[Stored entries]
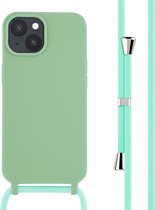 Coque iPhone 15 Avec Cordon - Coque en Siliconen iMoshion avec cordon - Vert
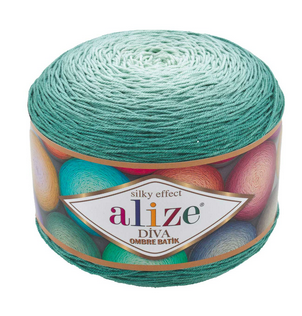 

Пряжа Diva ombre batik-7369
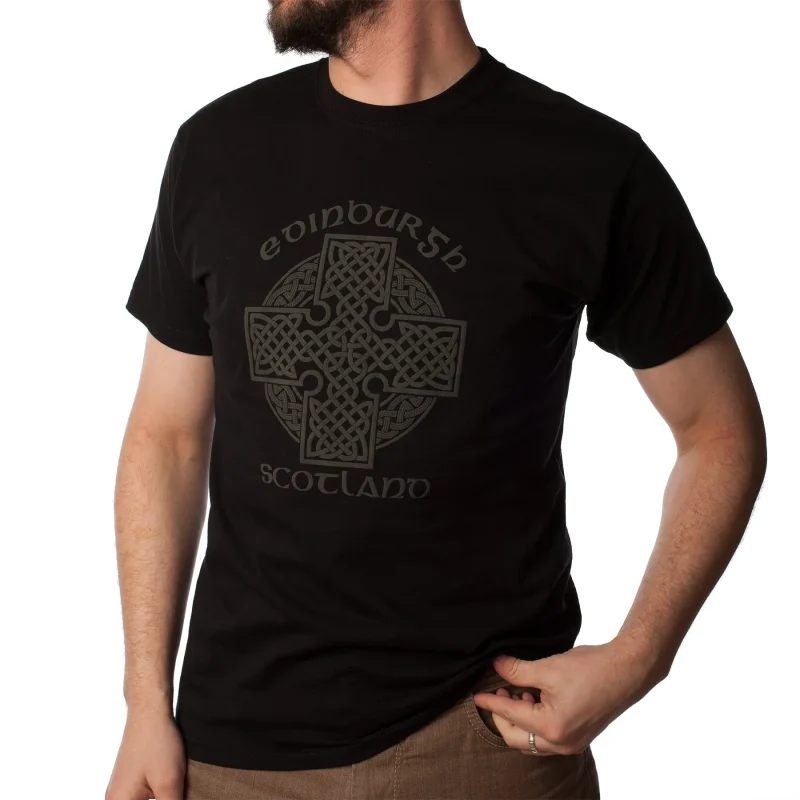 edinburgh celtic cross graphic tee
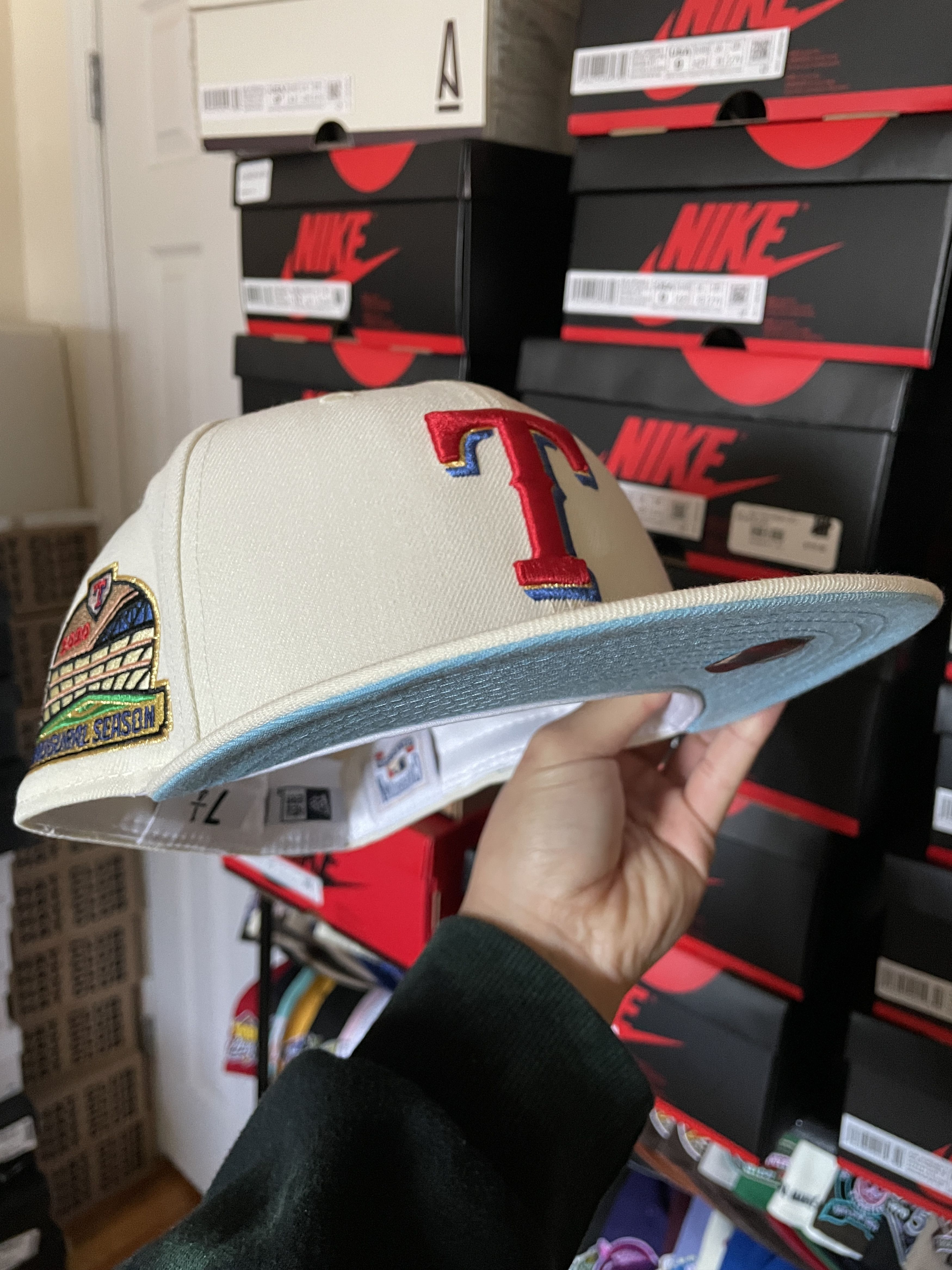 MyFitteds × New Era Myfitteds Toblerone White Texas Rangers 7 1/4 Icy Hatclub Size ONE SIZE - 7 Thumbnail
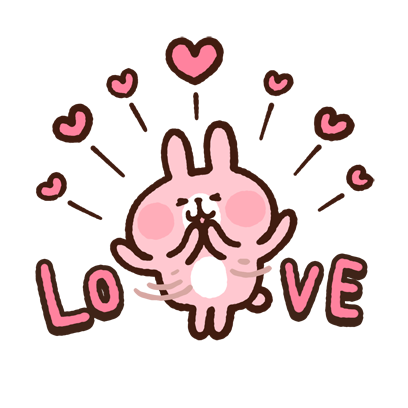 Kanahei's Small animals, "Piske & Usagi" messages sticker-6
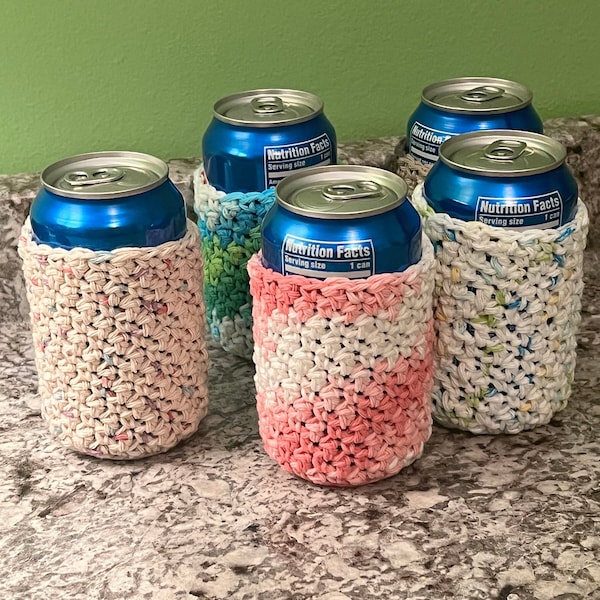 Crochet Can Cozy | Beverage Holder | Drink Holder | Beer Holder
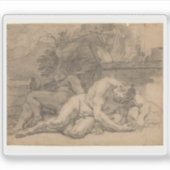 Charles Le Brun - Nacht Sticker (Voorkant)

> [What the exercise asks]: What is needed is an exact copy of the data, without any pictures.

> [Task answer]:
 Coque iPhone 15 Avec Cordon - Coque en Siliconen iMoshion avec cordon - Vert

Пряжа Diva ombre batik-7369
 edinburgh celtic cross graphic tee
 MyFitteds × New Era Myfitteds Toblerone White Texas Rangers 7 1/4 Icy Hatclub Size ONE SIZE - 7 Thumbnail
 Kanahei's Small animals, "Piske & Usagi" messages sticker-6
 Crochet Can Cozy | Beverage Holder | Drink Holder | Beer Holder
 Charles Le Brun - Nacht Sticker (Voorkant)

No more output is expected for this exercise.